**What is needed:**
Return the line containing "метадон Татарск" and every line after it through the end of the entries below, with no other lines.

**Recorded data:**
* * *

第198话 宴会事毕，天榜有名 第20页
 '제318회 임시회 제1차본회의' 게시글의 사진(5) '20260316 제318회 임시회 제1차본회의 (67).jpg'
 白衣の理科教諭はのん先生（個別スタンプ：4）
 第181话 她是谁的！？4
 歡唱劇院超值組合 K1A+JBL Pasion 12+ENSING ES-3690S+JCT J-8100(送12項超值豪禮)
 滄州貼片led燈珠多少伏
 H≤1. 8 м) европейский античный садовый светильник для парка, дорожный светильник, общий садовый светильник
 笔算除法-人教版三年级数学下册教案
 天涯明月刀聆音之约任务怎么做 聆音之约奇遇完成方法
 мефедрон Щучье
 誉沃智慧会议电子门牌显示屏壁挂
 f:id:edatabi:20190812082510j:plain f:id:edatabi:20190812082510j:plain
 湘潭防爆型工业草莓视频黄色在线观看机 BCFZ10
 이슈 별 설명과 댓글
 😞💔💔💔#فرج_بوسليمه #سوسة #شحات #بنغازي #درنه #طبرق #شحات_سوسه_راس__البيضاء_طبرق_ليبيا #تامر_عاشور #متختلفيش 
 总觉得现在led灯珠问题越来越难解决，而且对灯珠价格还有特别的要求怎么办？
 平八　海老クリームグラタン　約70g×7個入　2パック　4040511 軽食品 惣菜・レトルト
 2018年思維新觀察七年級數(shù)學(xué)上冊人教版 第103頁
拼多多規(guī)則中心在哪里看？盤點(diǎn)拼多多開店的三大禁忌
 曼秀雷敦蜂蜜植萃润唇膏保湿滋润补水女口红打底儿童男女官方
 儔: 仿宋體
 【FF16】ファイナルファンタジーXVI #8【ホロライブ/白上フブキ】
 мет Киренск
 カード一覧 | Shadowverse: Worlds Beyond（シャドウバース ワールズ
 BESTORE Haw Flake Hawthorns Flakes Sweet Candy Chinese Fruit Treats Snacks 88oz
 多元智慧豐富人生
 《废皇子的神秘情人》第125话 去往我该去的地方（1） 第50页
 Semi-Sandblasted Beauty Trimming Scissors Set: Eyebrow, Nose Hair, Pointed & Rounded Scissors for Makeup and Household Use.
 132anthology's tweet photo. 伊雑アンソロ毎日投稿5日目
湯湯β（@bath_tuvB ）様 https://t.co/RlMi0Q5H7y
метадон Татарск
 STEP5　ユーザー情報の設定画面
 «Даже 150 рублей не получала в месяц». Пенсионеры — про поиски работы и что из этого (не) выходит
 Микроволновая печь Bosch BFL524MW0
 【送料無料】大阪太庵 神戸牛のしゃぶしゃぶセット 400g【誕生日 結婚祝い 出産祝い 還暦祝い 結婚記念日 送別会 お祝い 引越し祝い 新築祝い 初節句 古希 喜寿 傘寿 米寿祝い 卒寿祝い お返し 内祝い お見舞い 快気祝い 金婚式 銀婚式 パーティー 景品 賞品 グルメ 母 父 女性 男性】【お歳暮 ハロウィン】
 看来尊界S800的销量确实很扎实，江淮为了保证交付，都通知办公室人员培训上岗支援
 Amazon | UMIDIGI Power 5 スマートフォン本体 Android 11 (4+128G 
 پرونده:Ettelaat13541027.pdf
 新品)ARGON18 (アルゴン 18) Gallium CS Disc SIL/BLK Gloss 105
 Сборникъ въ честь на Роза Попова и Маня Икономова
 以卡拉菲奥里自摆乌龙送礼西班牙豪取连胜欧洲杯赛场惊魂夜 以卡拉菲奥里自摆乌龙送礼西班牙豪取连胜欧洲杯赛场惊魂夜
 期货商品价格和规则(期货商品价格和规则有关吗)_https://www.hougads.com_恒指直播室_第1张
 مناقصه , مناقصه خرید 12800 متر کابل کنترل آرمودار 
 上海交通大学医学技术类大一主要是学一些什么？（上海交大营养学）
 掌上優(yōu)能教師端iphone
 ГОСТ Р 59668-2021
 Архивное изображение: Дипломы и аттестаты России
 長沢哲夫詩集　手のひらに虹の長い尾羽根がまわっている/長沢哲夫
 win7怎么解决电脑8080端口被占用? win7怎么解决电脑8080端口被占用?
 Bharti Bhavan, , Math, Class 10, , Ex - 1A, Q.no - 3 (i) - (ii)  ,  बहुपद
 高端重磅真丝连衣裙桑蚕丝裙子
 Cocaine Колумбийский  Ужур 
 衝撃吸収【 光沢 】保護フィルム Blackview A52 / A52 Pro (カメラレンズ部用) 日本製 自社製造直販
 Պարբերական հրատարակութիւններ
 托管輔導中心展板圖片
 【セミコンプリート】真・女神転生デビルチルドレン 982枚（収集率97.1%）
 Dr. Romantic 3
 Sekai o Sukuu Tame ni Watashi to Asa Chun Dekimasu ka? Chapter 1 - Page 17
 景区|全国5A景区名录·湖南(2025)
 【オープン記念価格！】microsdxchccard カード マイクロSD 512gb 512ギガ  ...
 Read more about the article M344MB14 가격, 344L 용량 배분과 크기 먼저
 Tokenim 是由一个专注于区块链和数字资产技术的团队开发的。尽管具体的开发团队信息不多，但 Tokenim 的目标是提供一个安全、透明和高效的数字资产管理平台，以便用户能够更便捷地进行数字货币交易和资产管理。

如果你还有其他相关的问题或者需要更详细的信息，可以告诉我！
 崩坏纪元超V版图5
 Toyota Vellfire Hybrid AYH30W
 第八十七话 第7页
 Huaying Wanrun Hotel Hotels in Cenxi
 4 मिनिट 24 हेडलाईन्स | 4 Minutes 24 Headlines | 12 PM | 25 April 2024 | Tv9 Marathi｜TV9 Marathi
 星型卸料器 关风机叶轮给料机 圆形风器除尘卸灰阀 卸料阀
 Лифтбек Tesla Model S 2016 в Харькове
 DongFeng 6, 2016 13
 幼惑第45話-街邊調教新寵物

* * *

**Task solution:**
метадон Татарск
 STEP5　ユーザー情報の設定画面
 «Даже 150 рублей не получала в месяц». Пенсионеры — про поиски работы и что из этого (не) выходит
 Микроволновая печь Bosch BFL524MW0
 【送料無料】大阪太庵 神戸牛のしゃぶしゃぶセット 400g【誕生日 結婚祝い 出産祝い 還暦祝い 結婚記念日 送別会 お祝い 引越し祝い 新築祝い 初節句 古希 喜寿 傘寿 米寿祝い 卒寿祝い お返し 内祝い お見舞い 快気祝い 金婚式 銀婚式 パーティー 景品 賞品 グルメ 母 父 女性 男性】【お歳暮 ハロウィン】
 看来尊界S800的销量确实很扎实，江淮为了保证交付，都通知办公室人员培训上岗支援
 Amazon | UMIDIGI Power 5 スマートフォン本体 Android 11 (4+128G 
 پرونده:Ettelaat13541027.pdf
 新品)ARGON18 (アルゴン 18) Gallium CS Disc SIL/BLK Gloss 105
 Сборникъ въ честь на Роза Попова и Маня Икономова
 以卡拉菲奥里自摆乌龙送礼西班牙豪取连胜欧洲杯赛场惊魂夜 以卡拉菲奥里自摆乌龙送礼西班牙豪取连胜欧洲杯赛场惊魂夜
 期货商品价格和规则(期货商品价格和规则有关吗)_https://www.hougads.com_恒指直播室_第1张
 مناقصه , مناقصه خرید 12800 متر کابل کنترل آرمودار 
 上海交通大学医学技术类大一主要是学一些什么？（上海交大营养学）
 掌上優(yōu)能教師端iphone
 ГОСТ Р 59668-2021
 Архивное изображение: Дипломы и аттестаты России
 長沢哲夫詩集　手のひらに虹の長い尾羽根がまわっている/長沢哲夫
 win7怎么解决电脑8080端口被占用? win7怎么解决电脑8080端口被占用?
 Bharti Bhavan, , Math, Class 10, , Ex - 1A, Q.no - 3 (i) - (ii)  ,  बहुपद
 高端重磅真丝连衣裙桑蚕丝裙子
 Cocaine Колумбийский  Ужур 
 衝撃吸収【 光沢 】保護フィルム Blackview A52 / A52 Pro (カメラレンズ部用) 日本製 自社製造直販
 Պարբերական հրատարակութիւններ
 托管輔導中心展板圖片
 【セミコンプリート】真・女神転生デビルチルドレン 982枚（収集率97.1%）
 Dr. Romantic 3
 Sekai o Sukuu Tame ni Watashi to Asa Chun Dekimasu ka? Chapter 1 - Page 17
 景区|全国5A景区名录·湖南(2025)
 【オープン記念価格！】microsdxchccard カード マイクロSD 512gb 512ギガ  ...
 Read more about the article M344MB14 가격, 344L 용량 배분과 크기 먼저
 Tokenim 是由一个专注于区块链和数字资产技术的团队开发的。尽管具体的开发团队信息不多，但 Tokenim 的目标是提供一个安全、透明和高效的数字资产管理平台，以便用户能够更便捷地进行数字货币交易和资产管理。

如果你还有其他相关的问题或者需要更详细的信息，可以告诉我！
 崩坏纪元超V版图5
 Toyota Vellfire Hybrid AYH30W
 第八十七话 第7页
 Huaying Wanrun Hotel Hotels in Cenxi
 4 मिनिट 24 हेडलाईन्स | 4 Minutes 24 Headlines | 12 PM | 25 April 2024 | Tv9 Marathi｜TV9 Marathi
 星型卸料器 关风机叶轮给料机 圆形风器除尘卸灰阀 卸料阀
 Лифтбек Tesla Model S 2016 в Харькове
 DongFeng 6, 2016 13
 幼惑第45話-街邊調教新寵物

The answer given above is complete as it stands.